Tuesday, June 9, 2015

The Three Main Parts of the Flute

The flute is a virtuosic instrument that flutists can play extremely fast.

The flute is one of the most versatile and virtuosic instruments in the orchestra. Flutists must familiarize themselves with the parts of the instrument and how those parts function in the overall structure of the instrument. Several smaller components compose the main three parts of the flute. Knowing their names and functions will enable the flutist to take better care of the instrument and talk competently about the flute's construction.

General Construction


The flute's three main parts can be taken apart. This capability has several benefits.
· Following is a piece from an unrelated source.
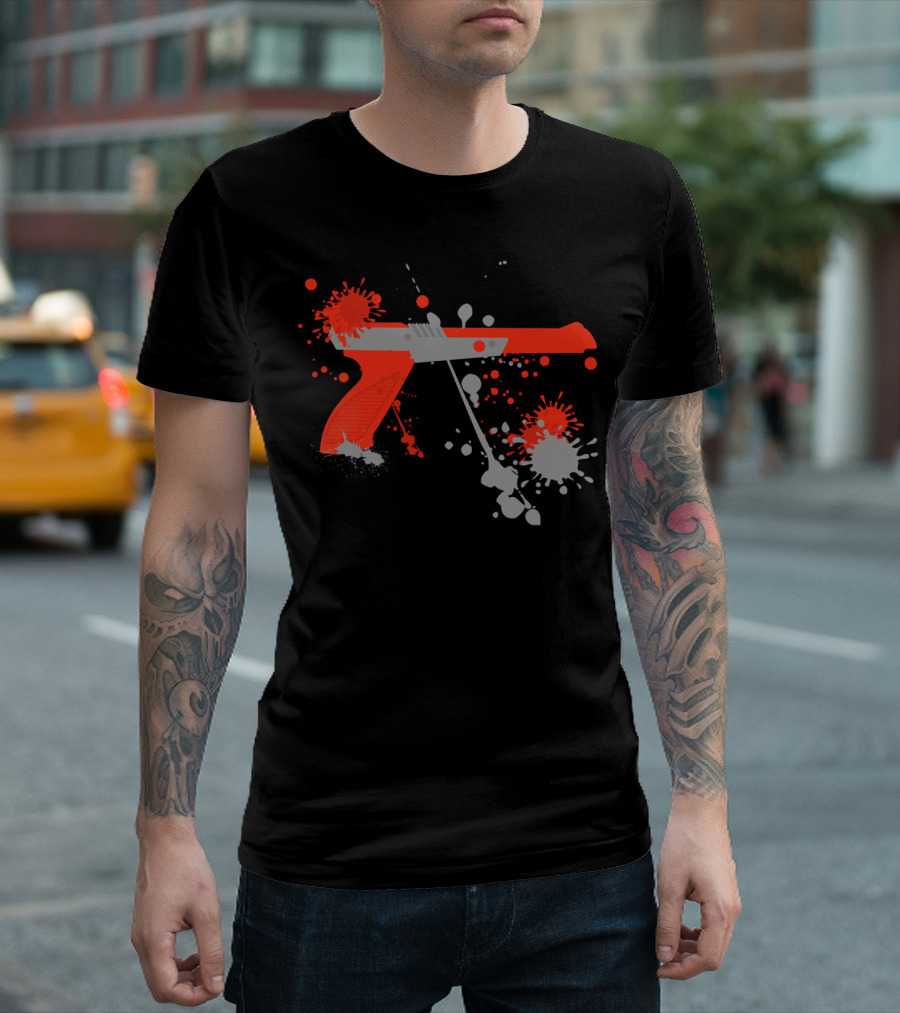 Controller Graffiti NES Zapper Splatter T-Shirt
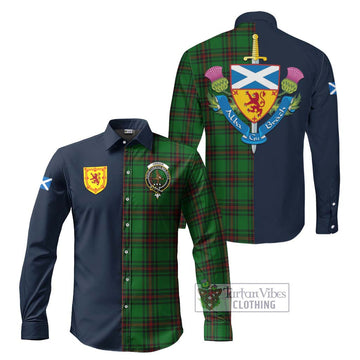 Orrock Tartan Long Sleeve Button Shirt Alba with Scottish Lion Royal Arm Half Style Men's Shirt S - Tartan Vibes Clothing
Separating the parts makes it easier to clean the flute, provides the possibility of tuning the instrument, makes it more compact for travel and allows the flutist to incorporate advanced techniques such as blowing through the head joint alone.

Head Joint


The head joint of a flute has an embouchure plate that the flutist blows through to produce sound. By pushing the head joint farther into the body joint, or pulling it away from the body joint, the flutist can tune the flute either sharp or flat. The head joint slides into the body joint.

Body Joint


The body joint is the main part of the flute and houses the keys for the majority of the flutist's range. This part has several components including keypads for each of the keys and a tenon at the end the body joint that slides into the foot joint. The tenon is important since it adjusts the intonation of the flute.

Foot Joint


The foot joint is the third part of the flute. Professional flutes will have a foot joint that is capable of playing down to a B just below middle C. Student flutes usually have a foot joint that is capable of just going down to middle C. Various pieces require the use of the extended foot joint as they use a low B in the composition. "Chilled for Solo Flute" by Kevin Ure and "Density 21.5" by Edgar Varese both use a low B in the music.